Please return only the lines from the one showing "Image 1 : BOKER MAGNUM COLLECTION 2006 KNIFE" to the end of the entries, keeping both ends and dropping every picture.

Start of Block

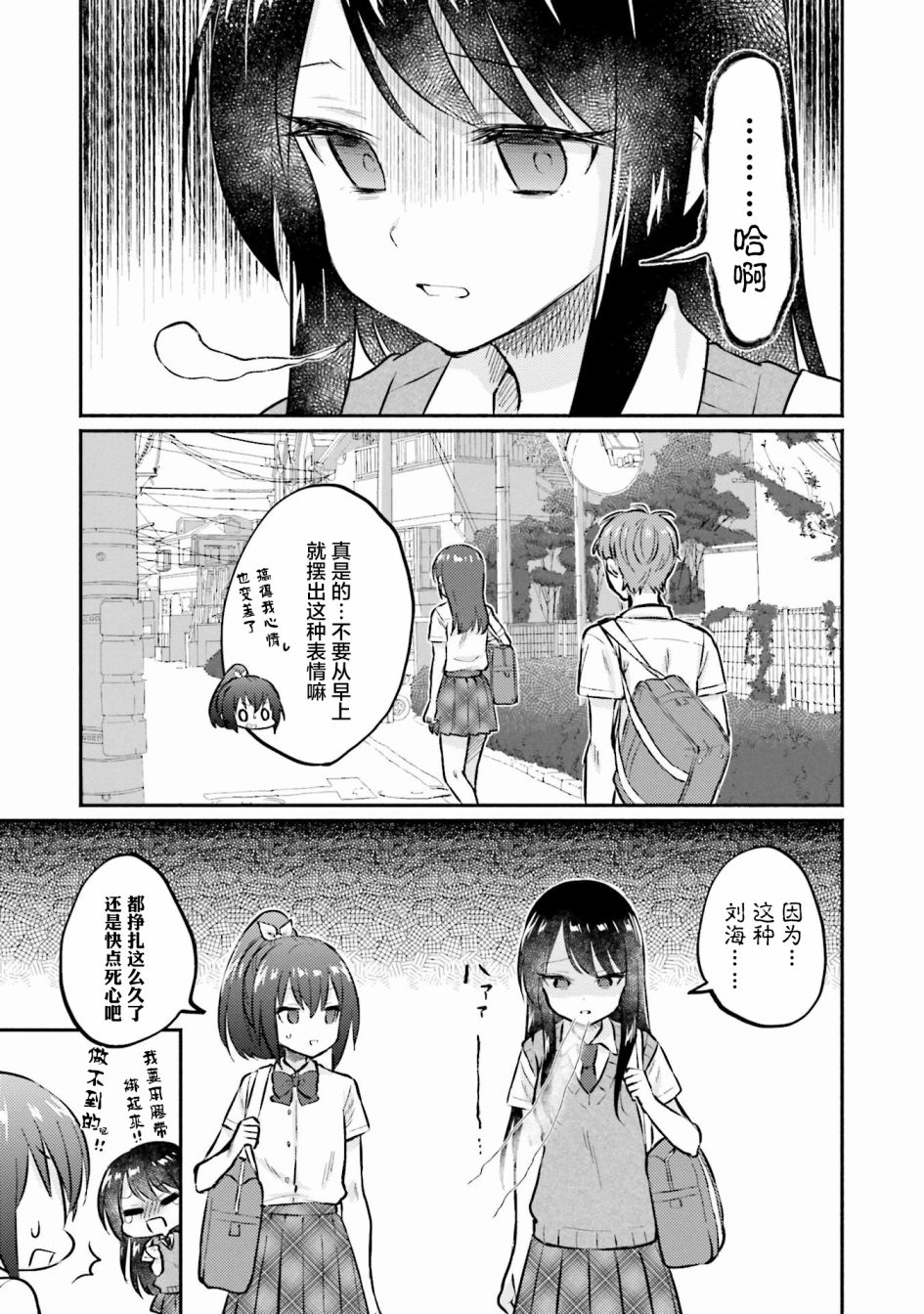 虹色相片韩漫全集-第03话无删减无遮挡章节图片 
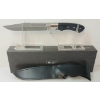 Image 1 : BOKER MAGNUM COLLECTION 2006 KNIFE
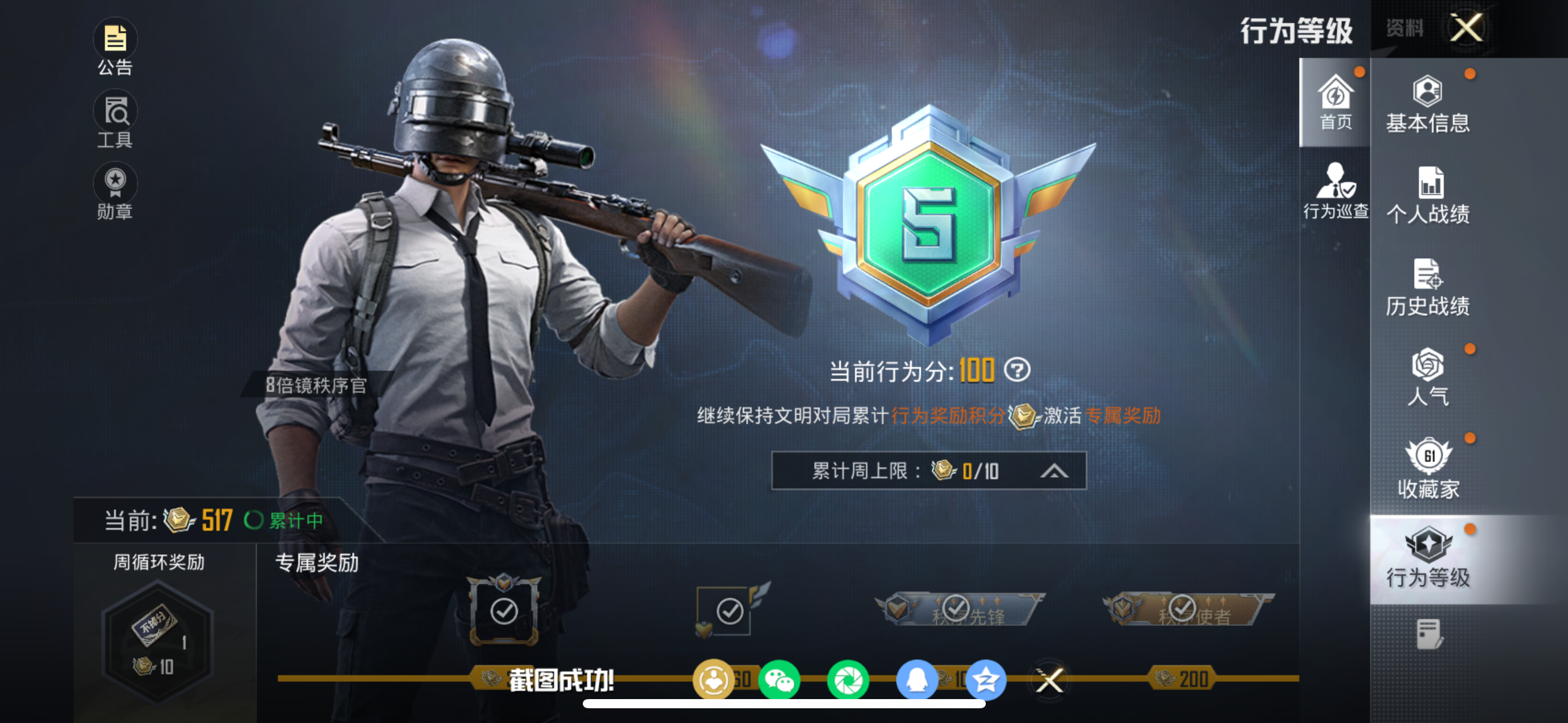 HPQM4131201和平精英账号详情图5 HPQM4131201和平精英账号详情图5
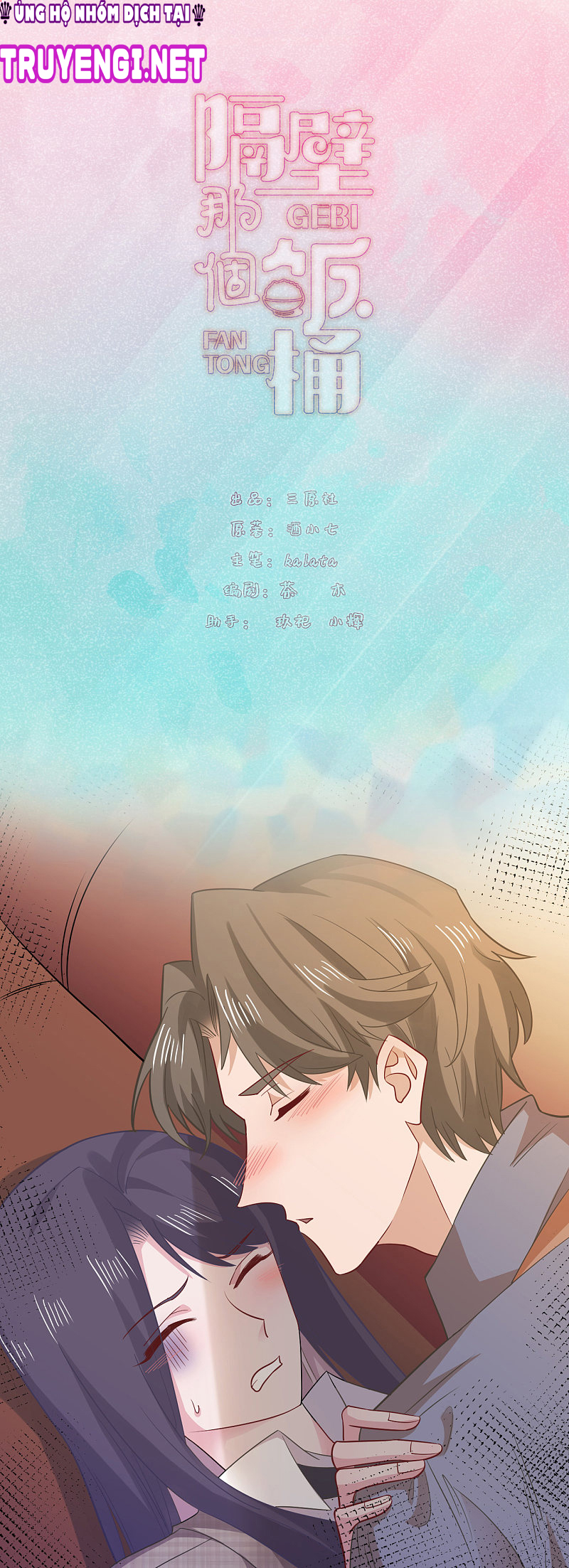 cái thùng cơm sát vách chapter 76 1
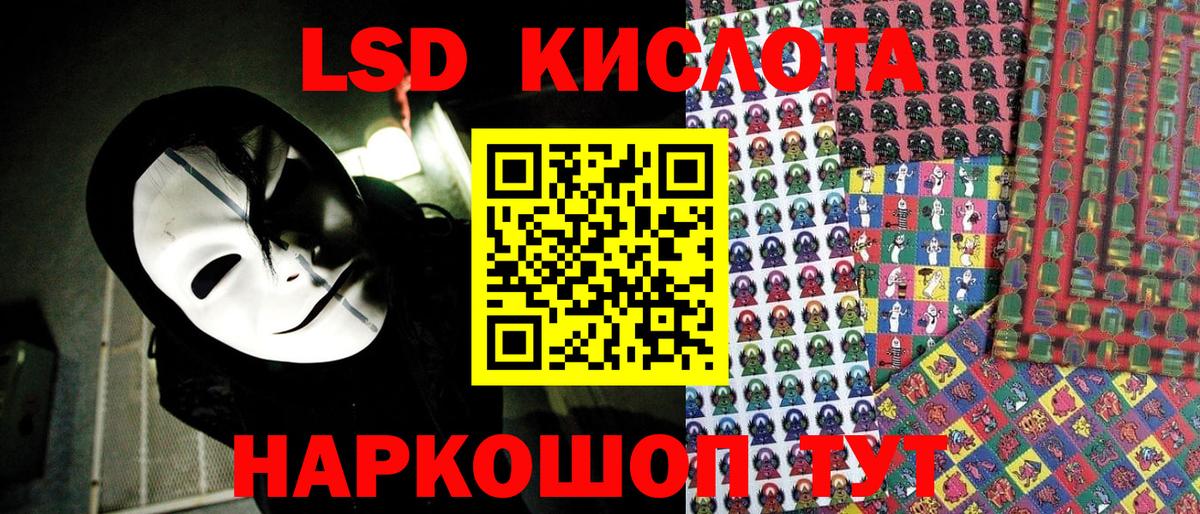 Марки 25I-NBOMe 1,5мг Егорьевск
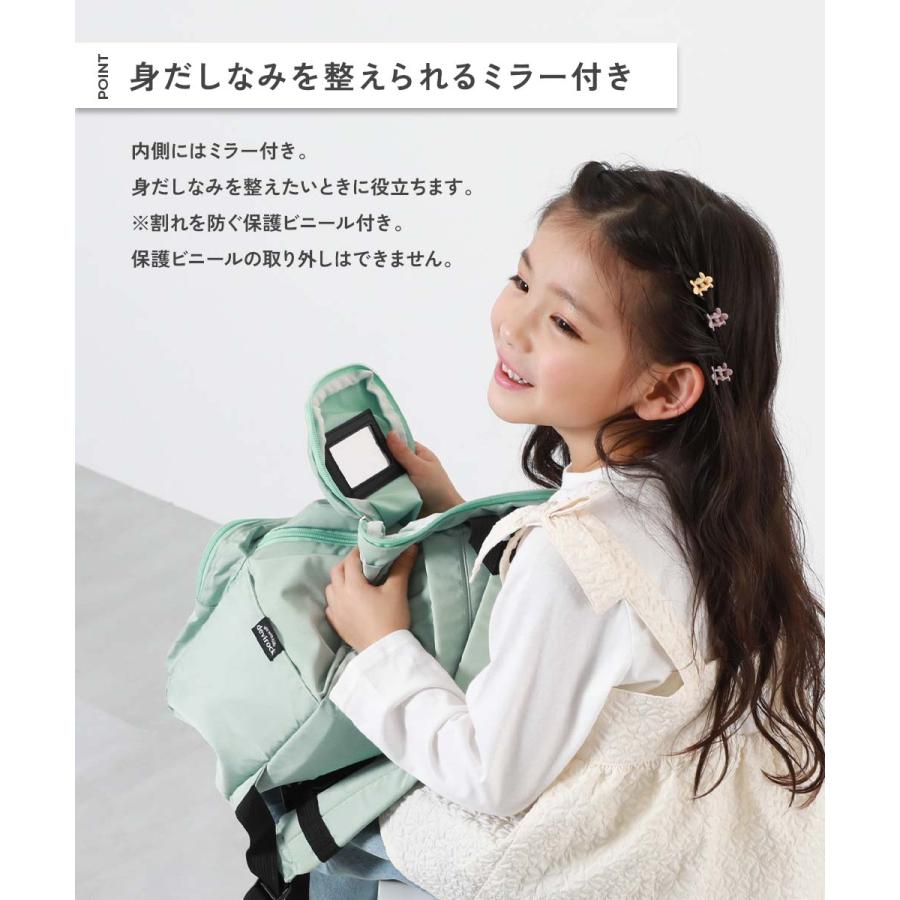 リュックサック バッグ ミラー＆クリアポケット ガールズリュック キッズ 子供服 女の子  デビロック devirock 26ss_girls | devirock | 09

End of Block

**Result of the task:**
 Image 1 : BOKER MAGNUM COLLECTION 2006 KNIFE
 HPQM4131201和平精英账号详情图5 HPQM4131201和平精英账号详情图5
 cái thùng cơm sát vách chapter 76 1
 Марки 25I-NBOMe 1,5мг Егорьевск
 リュックサック バッグ ミラー＆クリアポケット ガールズリュック キッズ 子供服 女の子  デビロック devirock 26ss_girls | devirock | 09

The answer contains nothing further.